Today he says the company could not live without their solution because the plant floor is the hub of the business and where money is made and lost. Plex plays very well there.
Second, one of my colleagues brought up his favorite topic - sensor technology - wondering whether Plex has examples in that area. The answer from Plex was short, sharp and to the point:
'Right here in the middle of the Rust Belt I can take you to maybe 20 examples where companies are making advanced use of sensor technology to get real time information in ways you couldn't imagine just a few years ago. Many of these companies are on the bleeding edge of sensor usage.'
Third, and later in the day we saw a realistic mock up of a plant floor where a combination of sensors, barcoding and realtime reporting was brought together in software to control components and materials at a highly granular level to ensure complex and complete track and trace auditability from components into finished goods delivered. The solution is delivered on any device.
We asked about the possible inclusion of web services from FedEx or UPS as part of delivery tracing for invoicing or GRN tracing, we asked about peering through into supplier and customer systems.
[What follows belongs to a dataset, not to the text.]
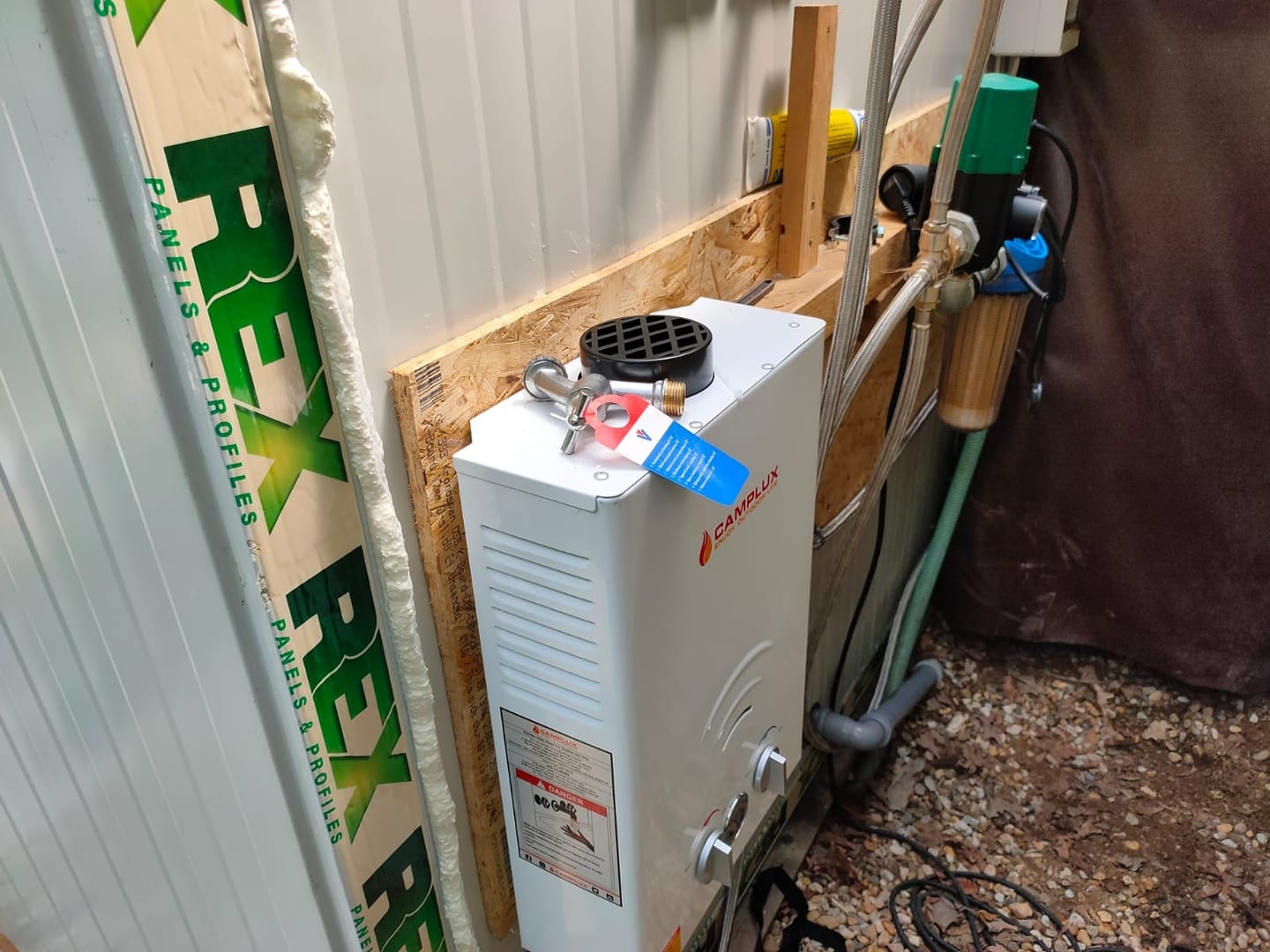 Customer photo review of Camplux BW158C 6L Tankless Gas Portable Water Heater with Rain Cap,Instant Gas Propane Shower For Horse Camping RV Trip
It's all possible, even in complex supply chains.
Missing a trick?
So as we ended our day of discussions it occurred to me that what vendors really need to do is find those outcomes that matter to their intended customer. Show them what is possible in the context of things that make sense to them. If as is often the case in ERP, you're looking at a rip and replacement, then vendors need to ensure that customers can see beyond the cost savings or whatever is initially driving the decision. They need to envision a future where over time, benefits continue to accrue from their original investments.
Buyers reading this will likely roll their eyes and sigh, muttering that they've heard it all before. And there is a great deal of truth in that. But the cloud model does something that few are aware of. It forces the vendor upon a path of continuing innovation, precisely because the subscription model demands they deliver more each day.
While many past cloud related conversations talked about security and the need for flawless uptime, those same conversations have moved forward. Now is the time to show those great customer stories and seek out the sex and sizzle that both capture the imagination yet are deliverable.
This is not entirely restricted to cloud. We saw this in the interest our Molson Coors story has held since it was first published and which continues to attract attention. It's all about those nuggets that buyers crave to discover.
In the meantime, I see inertia, a hanging around for something to magically emerge or happen, as being an innovation killer. I am not sure that any company can afford to take that position and expect to compete effectively in the current competitive environment, regardless of technology choice. It just doesn't compute.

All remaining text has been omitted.